**TASK PROMPT**
Return the listing below unchanged, minus its pictures.

───── DATA ─────

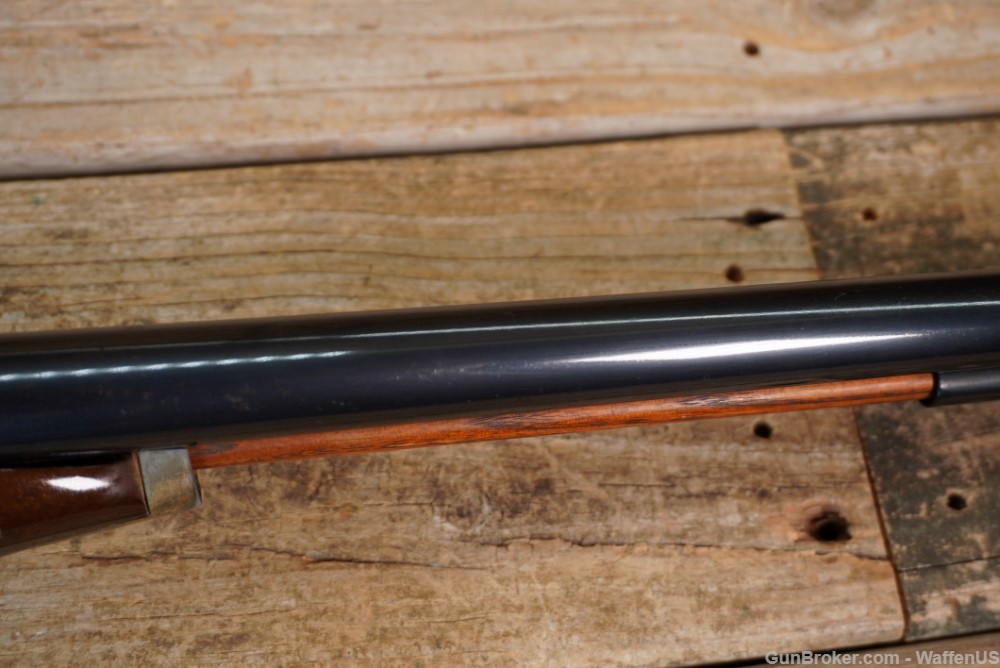 Pietta Navy Arms 12 gauge black powder percussion double barrel shotgun SxS-img-12
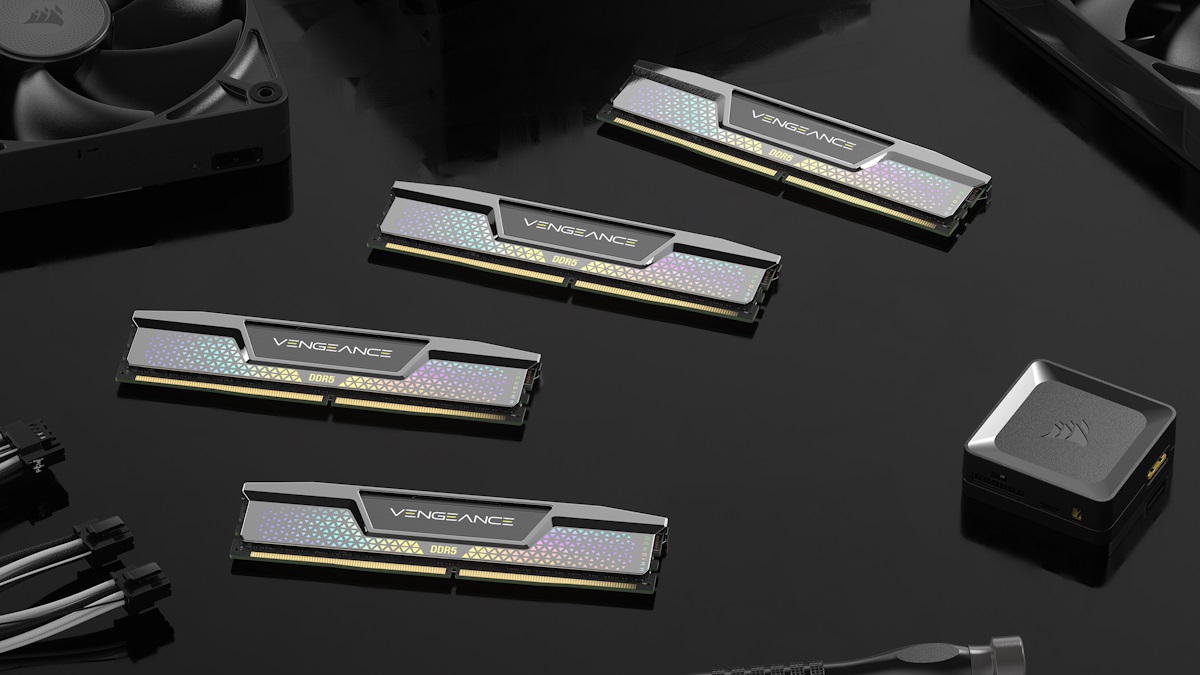 Corsair Vengeance RGB DDR5 CUDIMM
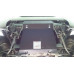 Защита картера Mitsubishi Pajero Mini  0.7 1998-2012 сталь 2мм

─────

**TASK RESULT**
 Pietta Navy Arms 12 gauge black powder percussion double barrel shotgun SxS-img-12
 Corsair Vengeance RGB DDR5 CUDIMM
 Защита картера Mitsubishi Pajero Mini  0.7 1998-2012 сталь 2мм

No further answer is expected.